Your objective:
Without changing a thing, reproduce the entire listing and leave out its pictures.

Provided material:

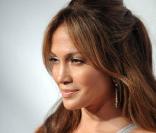 Jennifer Lopez a réenregistré avec Taio Cruz le hit du chanteur anglais :  Dynamite .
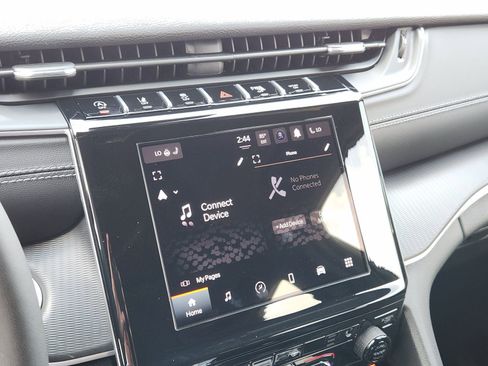 New 2025 Jeep Grand Cherokee L Laredo w/ Luxury Tech Group I RWD image 25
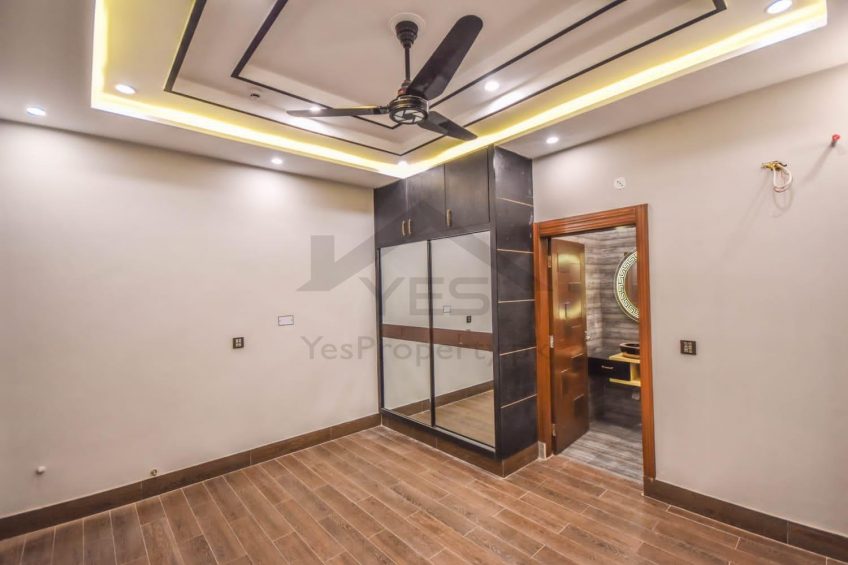 10 Marla Brand New Fully Basement Luxurious Modern House For Sale In DHA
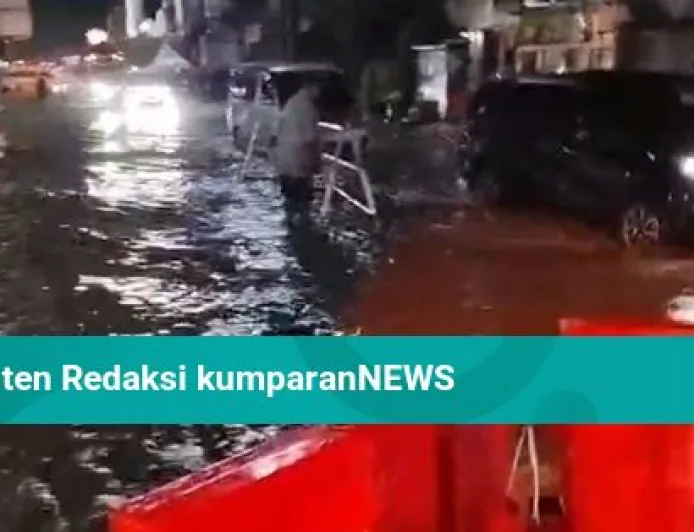 Banjir Brebes Lumpuhkan Arus Balik Purwokerto ke Jakarta, Puluhan Mobil Terendam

Task result:
 Jennifer Lopez a réenregistré avec Taio Cruz le hit du chanteur anglais :  Dynamite .
 New 2025 Jeep Grand Cherokee L Laredo w/ Luxury Tech Group I RWD image 25
 10 Marla Brand New Fully Basement Luxurious Modern House For Sale In DHA
 Banjir Brebes Lumpuhkan Arus Balik Purwokerto ke Jakarta, Puluhan Mobil Terendam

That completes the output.